Former F1 supremo Bernie Ecclestone pleads guilty in £400,000,000 fraud case 

F1 Grand Prix of Bahrain
Bernie Ecclestone looks on in the Paddock prior to the F1 Grand Prix of Bahrain

Former F1 boss Bernie Ecclestone has pleaded guilty to a fraud case of £400m against him for failing to declare a trust in Singapore to the government.

The former head honcho of the motorsport organization was due to face trial at Southwark Crown Court in November over the allegations of fraud against which he had previously denied. As per Sky Sports, Bernie Ecclestone pleaded guilty to a single count of fraud on 7 July 2015.

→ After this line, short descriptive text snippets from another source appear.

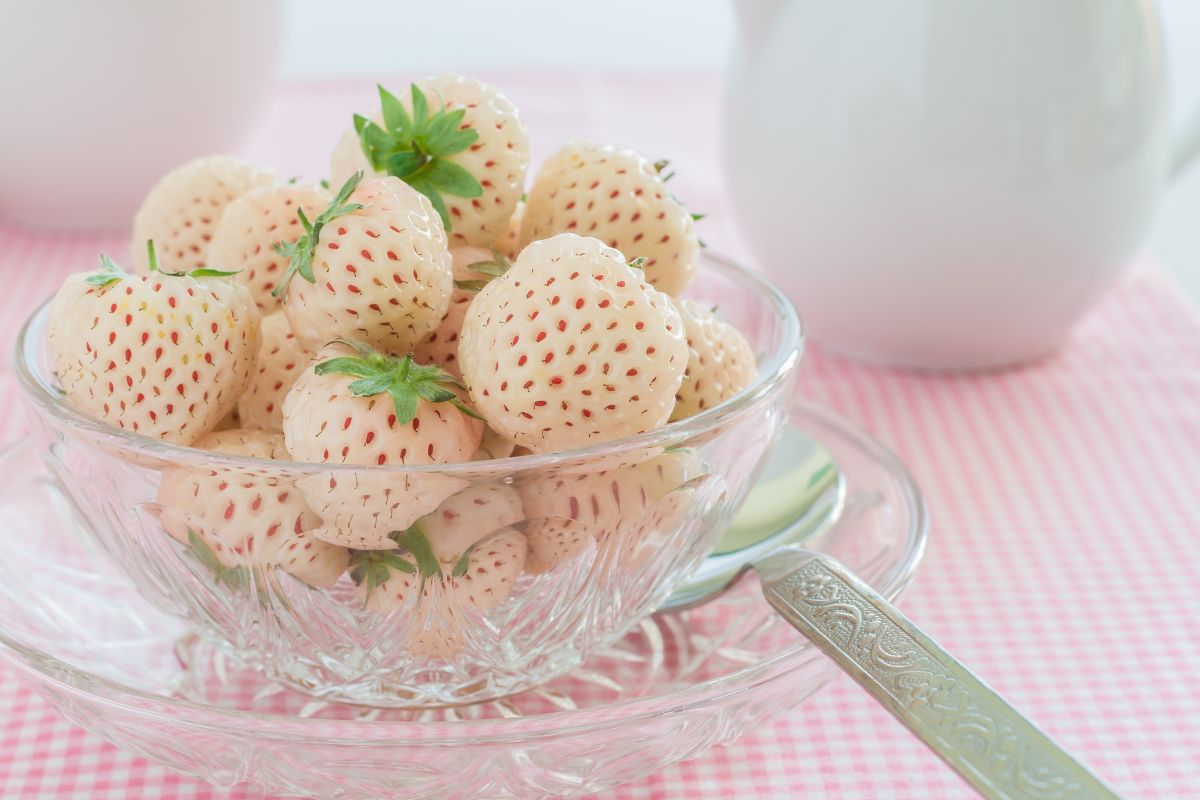 Glass bowl full of pineberries on pink white table cloth
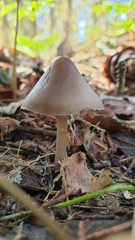Mycena plumipes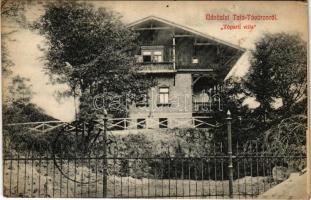 1913 Tata-Tóváros, Tatatóváros; Tóparti villa (EK)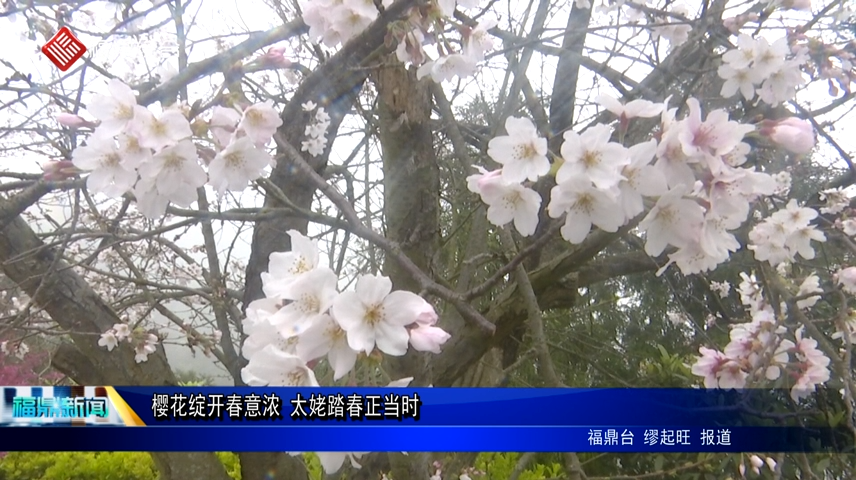 櫻花綻開春意濃 太姥踏春正當(dāng)時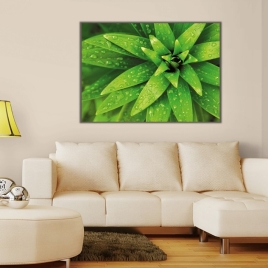 Bitkiler Kanvas Tablo -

The court has previously heard he failed to declare a trust in Singapore with a bank account containing around $650m US, worth about £400m at the time.

In his plea, Ecclestone accepted that he was 'wrong' while answering the questions and claimed he did because it 'ran the risk HMRC would not continue to investigate' and he 'now accepts that some tax is due'.

Bernie Ecclestone speaks on F1's current obsession with the US market

The former F1 head mentioned that the sport's current obsession with adding more races in the US was completely 'mad'. He stated that he wasn't aware of F1 CEO Stefano Domenicali's stance on the topic but he wasn't a fan of how the sport organized the recent edition of the Miami GP.

Speaking with Daily Mail, Bernie Ecclestone said:

“I don’t know what Stefano’s position is. I think he is a little bit more aware of what the people in America think. I think you can see that with the races in America that they are doing — which I think is completely mad. The one in Miami — the way they ran that was mad, trying to be American rather than the way I did it, which was trying to be pure Formula One as it was, rather than as it could be."
“Maybe they are completely right; maybe I was wrong trying to keep it more Formula One. I watch every practice session and every race and I look and I think, ‘My God are we trying to show Formula One or are we trying to show other things?’"

He added:

"Netflix has captured them a little bit and they follow that a bit too much. Netflix is in the entertainment business as long as it suits them. It’s not like our old broadcasters who have been with us forever.”

It will be fascinating to see if the current owners of F1 or Stefano Domenicali respond to Bernie Ecclestone's comments on the sport's shift in focus toward the US market.